Mid-West fracking causes a stir

Plans by AWE to carry out hydraulic fracturing in the Mid West have suffered a blow after locals launched an unprecedented bid to stop the company.

In a motion passed unanimously on Wednesday night, Shire of Coorow councillors voted that all fracking activity in the area be suspended pending a public inquiry. The decision comes amid plans by Sydney-based AWE to drill the Drover-1 well within the shire to test the unconventional gas prospect.

According to the motion, which was prompted by feedback from shire residents, a full environmental assessment was needed to determine the effects of fracking on the area's aquifers.

It also called for health and agricultural assessments to be carried out before the shire could back any fracking proposal.

The Drover-1 well's proposed location is on pastoral land next to a national park and above groundwater resources, sparking fears from green groups and locals that fracking could contaminate the latter.

AWE, which is drilling for shale and tight gas with the nearby Senecio-3 well, already has approvals to begin "exploratory" operations at Drover.

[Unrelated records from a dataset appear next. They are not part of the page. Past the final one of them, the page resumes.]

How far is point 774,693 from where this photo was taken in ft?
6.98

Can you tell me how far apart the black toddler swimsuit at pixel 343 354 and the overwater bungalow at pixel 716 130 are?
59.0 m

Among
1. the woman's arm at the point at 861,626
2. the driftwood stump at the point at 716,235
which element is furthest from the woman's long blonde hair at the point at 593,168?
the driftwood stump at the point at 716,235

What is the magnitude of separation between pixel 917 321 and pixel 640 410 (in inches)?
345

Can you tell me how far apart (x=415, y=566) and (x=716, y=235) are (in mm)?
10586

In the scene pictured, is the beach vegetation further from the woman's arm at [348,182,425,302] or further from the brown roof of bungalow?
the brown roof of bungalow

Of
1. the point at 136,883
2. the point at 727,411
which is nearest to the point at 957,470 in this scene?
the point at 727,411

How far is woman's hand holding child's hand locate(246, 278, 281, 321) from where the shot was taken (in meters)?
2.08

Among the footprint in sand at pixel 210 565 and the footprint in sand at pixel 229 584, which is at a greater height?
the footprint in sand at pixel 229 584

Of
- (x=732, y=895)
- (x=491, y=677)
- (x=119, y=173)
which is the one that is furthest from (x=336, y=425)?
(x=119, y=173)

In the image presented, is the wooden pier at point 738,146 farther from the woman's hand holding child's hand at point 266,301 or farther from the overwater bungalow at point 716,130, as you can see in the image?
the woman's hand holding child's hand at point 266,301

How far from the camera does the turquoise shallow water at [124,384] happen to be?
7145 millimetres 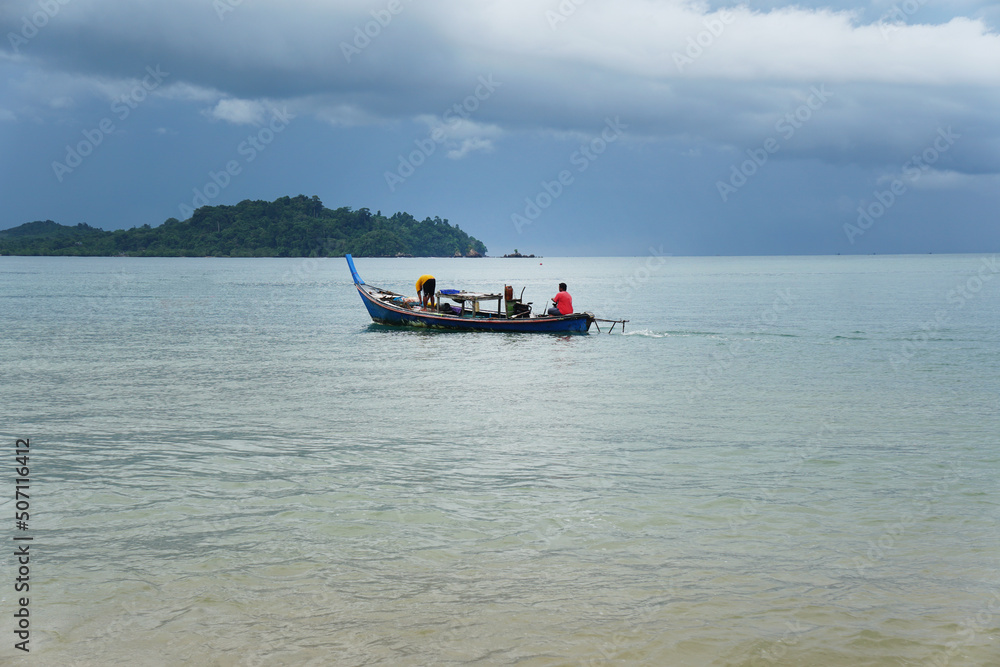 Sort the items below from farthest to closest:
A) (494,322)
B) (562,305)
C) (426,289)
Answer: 1. (426,289)
2. (562,305)
3. (494,322)

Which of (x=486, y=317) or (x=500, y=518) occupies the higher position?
(x=486, y=317)

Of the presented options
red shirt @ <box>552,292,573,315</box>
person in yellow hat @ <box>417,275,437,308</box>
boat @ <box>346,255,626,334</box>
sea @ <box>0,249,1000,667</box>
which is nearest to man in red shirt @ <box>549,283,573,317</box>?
red shirt @ <box>552,292,573,315</box>

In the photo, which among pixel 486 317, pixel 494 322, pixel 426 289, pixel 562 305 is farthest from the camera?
pixel 426 289

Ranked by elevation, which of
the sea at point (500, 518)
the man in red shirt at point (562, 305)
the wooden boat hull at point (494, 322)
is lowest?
the sea at point (500, 518)

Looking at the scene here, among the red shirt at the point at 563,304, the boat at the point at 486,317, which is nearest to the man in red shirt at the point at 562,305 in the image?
the red shirt at the point at 563,304

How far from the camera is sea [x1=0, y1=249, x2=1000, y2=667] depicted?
21.7ft

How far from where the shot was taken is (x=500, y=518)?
9.62 meters

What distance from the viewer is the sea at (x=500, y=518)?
661 cm

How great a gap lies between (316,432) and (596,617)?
9.16 meters

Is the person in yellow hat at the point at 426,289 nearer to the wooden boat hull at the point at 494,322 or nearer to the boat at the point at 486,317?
the boat at the point at 486,317

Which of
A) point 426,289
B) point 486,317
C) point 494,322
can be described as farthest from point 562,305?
point 426,289

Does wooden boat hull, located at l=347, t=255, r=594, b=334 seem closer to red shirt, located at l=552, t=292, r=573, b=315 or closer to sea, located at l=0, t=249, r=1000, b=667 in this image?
red shirt, located at l=552, t=292, r=573, b=315

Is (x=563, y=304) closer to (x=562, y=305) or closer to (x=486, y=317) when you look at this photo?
(x=562, y=305)

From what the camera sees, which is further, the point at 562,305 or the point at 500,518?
the point at 562,305
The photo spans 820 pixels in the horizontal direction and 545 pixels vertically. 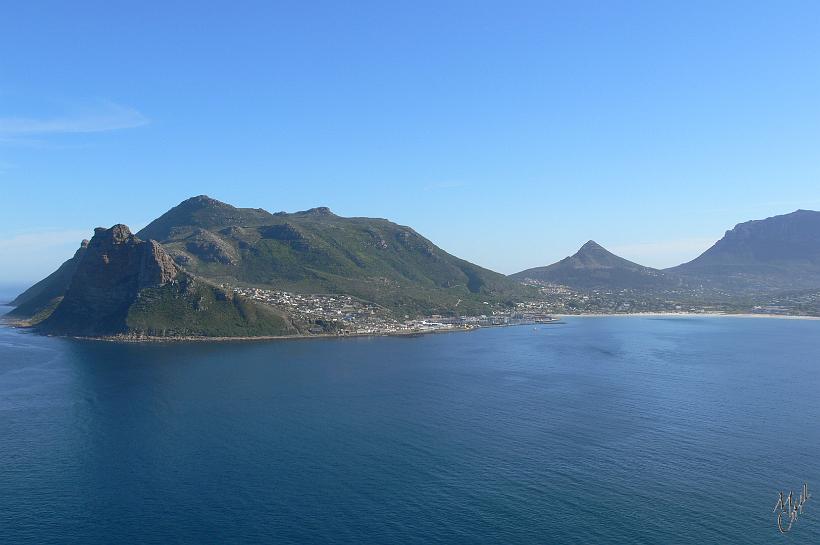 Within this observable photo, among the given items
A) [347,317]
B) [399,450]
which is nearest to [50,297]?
[347,317]

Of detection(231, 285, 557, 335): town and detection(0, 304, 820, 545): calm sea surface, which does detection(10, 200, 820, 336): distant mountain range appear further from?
detection(0, 304, 820, 545): calm sea surface

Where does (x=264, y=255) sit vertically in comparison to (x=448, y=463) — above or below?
above

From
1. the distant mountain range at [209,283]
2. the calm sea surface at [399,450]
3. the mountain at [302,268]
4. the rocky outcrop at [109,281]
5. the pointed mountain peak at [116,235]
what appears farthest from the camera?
the mountain at [302,268]

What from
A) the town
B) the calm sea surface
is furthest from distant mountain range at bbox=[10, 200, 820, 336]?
the calm sea surface

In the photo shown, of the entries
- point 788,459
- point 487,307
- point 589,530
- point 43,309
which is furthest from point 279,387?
point 487,307

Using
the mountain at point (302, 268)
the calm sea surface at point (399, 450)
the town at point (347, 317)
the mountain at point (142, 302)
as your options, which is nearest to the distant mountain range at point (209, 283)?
the mountain at point (142, 302)

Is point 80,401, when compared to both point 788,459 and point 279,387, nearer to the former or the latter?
point 279,387

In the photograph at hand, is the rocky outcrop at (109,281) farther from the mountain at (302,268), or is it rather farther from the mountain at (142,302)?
the mountain at (302,268)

Although the Coorow shire motion is understood to have no legal implication, it comes as a setback for AWE, which has been fighting an increasingly vocal campaign against fracking.

Opposition to the practice in the Mid West is growing, with Nationals MLC Paul Brown joining the fray by accusing the State's environmental watchdog of not properly scrutinising proposals.

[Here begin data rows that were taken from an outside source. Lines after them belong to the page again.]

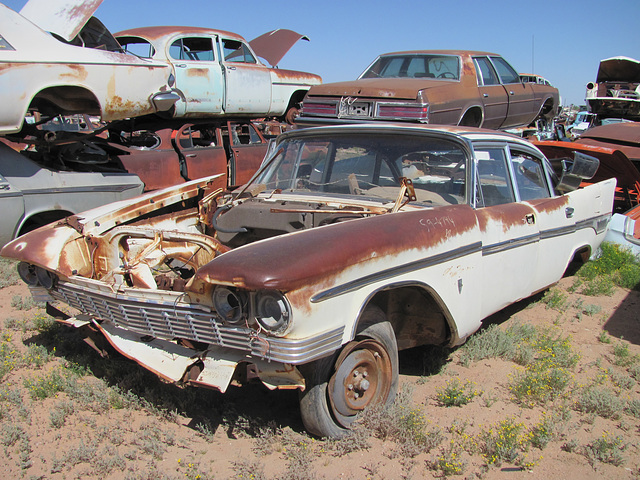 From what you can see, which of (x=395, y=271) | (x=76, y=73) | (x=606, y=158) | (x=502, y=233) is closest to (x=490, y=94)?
(x=606, y=158)

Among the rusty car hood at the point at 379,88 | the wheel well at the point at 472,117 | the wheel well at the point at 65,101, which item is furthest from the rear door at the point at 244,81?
the wheel well at the point at 472,117

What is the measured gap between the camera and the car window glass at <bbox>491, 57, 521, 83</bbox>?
8.94m

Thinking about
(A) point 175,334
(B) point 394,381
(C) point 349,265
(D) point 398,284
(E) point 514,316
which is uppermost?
(C) point 349,265

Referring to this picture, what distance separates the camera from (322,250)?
8.30 feet

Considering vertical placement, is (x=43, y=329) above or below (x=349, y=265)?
below

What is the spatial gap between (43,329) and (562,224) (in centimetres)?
427

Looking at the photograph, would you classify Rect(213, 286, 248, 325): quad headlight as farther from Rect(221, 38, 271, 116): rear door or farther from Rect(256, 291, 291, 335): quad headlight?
Rect(221, 38, 271, 116): rear door

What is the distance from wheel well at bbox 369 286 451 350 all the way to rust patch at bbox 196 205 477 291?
43 centimetres

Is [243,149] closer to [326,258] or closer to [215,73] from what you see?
[215,73]

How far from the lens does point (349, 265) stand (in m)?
2.56

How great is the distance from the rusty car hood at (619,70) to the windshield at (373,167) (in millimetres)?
13009

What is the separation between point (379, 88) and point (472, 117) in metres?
1.80

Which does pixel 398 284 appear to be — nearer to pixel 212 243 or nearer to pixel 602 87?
pixel 212 243

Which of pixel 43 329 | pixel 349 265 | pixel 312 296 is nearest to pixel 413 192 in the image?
pixel 349 265
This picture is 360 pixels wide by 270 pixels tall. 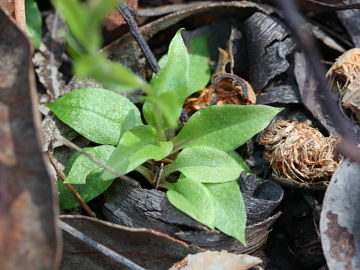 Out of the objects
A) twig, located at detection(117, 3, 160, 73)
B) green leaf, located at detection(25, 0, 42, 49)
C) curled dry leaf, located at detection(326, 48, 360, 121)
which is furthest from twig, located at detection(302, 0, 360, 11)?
green leaf, located at detection(25, 0, 42, 49)

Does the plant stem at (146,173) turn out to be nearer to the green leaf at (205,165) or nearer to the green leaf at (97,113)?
the green leaf at (205,165)

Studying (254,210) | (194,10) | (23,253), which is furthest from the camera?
(194,10)

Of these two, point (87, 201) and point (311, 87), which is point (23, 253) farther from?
point (311, 87)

AWE acknowledged concern about the effects of fracking but said it had a track record of working with communities.

"For more than 50 years, AWE (and predecessor companies) have successfully and safely drilled more than 80 wells in the onshore Perth Basin, a number of which have been hydraulically fractured, with no adverse impacts detected on aquifers," AWE said. "Many of the recommendations supported by the Shire of Coorow have already been undertaken, and this will be discussed further with the community as part of AWE's stakeholder engagement program."